The main advantage of our abstract communication layer is that the same code runs regardless of the fact you are using MPI or gRPC underneath. As long as the communication layer is implemented correctly, the rest of the code remains the same. This is a huge advantage for the framework as it allows us to switch between different communication layers without changing the code.

Running the code

Let's say you want to run the decentralized training with 80 users on 4 machines. Our implementation currently requires a coordinating node to manage the orchestration. Therefore, there will be 81 nodes in total. Make sure sys_config.py has num_users: 80 in the config. You should run the following command on all 4 machines:

python main_grpc.py -n 20 -host randomhost42.mit.edu

On one of the machines that you want to use as a coordinator node (let's say it is randomhost43.mit.edu), change the peer_ids with the hostname and the port you want to run the coordinator node and then run the following command:

python main.py -super true

NOTE: Most of the algorithms right now do not use the new communication protocol, hence you can only use the old MPI version with them.

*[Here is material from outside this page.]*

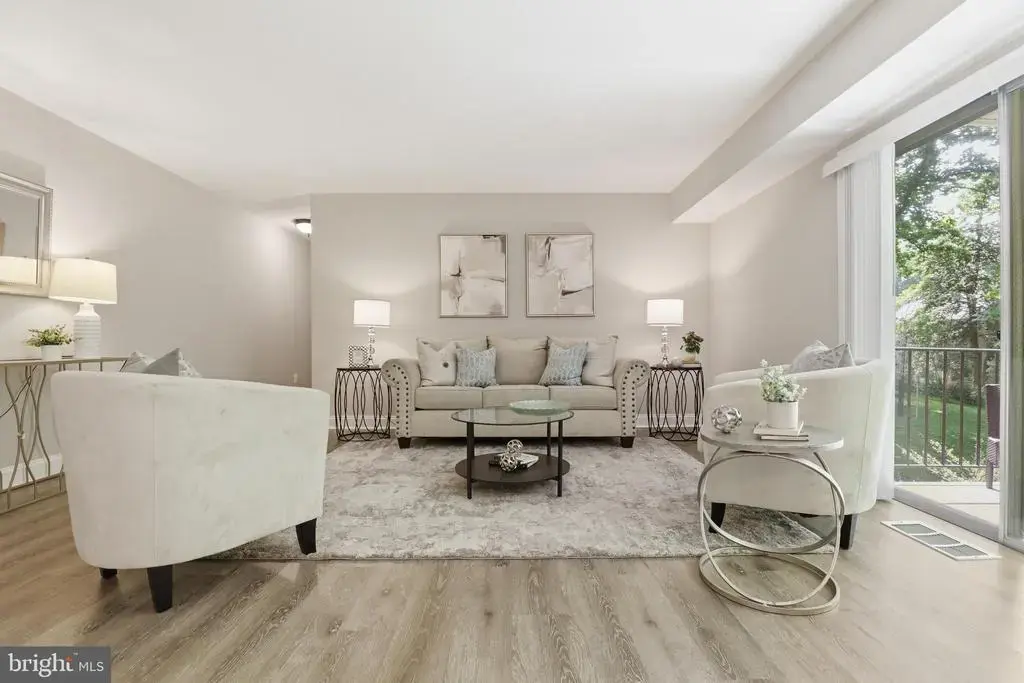 10636 Montrose Ave #2, BETHESDA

We are working on updating the algorithms to use the new communication protocol.

Protocol

  1. Each node registers to the coordinating node and receives a unique rank.
  2. Each node then tries to find available ports to start a listener.
  3. Once a quorum has been reached, the coordinating node sends a message to all nodes with the list of all nodes and their ports.
  4. Each node then starts local training.

FAQ

  1. Is it really decentralized if it requires a coordinating node?
    • Yes, it is. The coordinating node is required for all nodes to discover each other. In fact, going forward, we plan to provide support for several nodes to act as coordinating nodes. This will make the system more robust and fault-tolerant. We are looking for contributors to implement a distributed hash table (DHT) to make our system more like BitTorrent. So, if you have a knack for distributed systems, please reach out to us.
  2. Why do I need main_grpc.py and main.py?
    • The main.py file is the actual file. However, if you are running lots of nodes, it is easier to run the main_grpc.py file which will automatically run the main.py file n times. This is just a convenience script.
  3. How do I know if the nodes are communicating?
    • You can check the console logs of the coordinating node. It will print out the messages it is sending and receiving. You can also check the logs of the nodes to see their local training status.
  4. My training is stuck or failed. How do I stop and restart?
    • GRPC simulation starts a lot of threads and even if one of them fail right now then you will have to kill all of them and start all over. So, here is a command to get the pid of all the threads and kill them all at once:
      for pid in $(ps aux|grep 'python main.py' | cut -b 10-16); do kill -9 $pid; done
      
      Make sure you remove the experiment folder before starting again.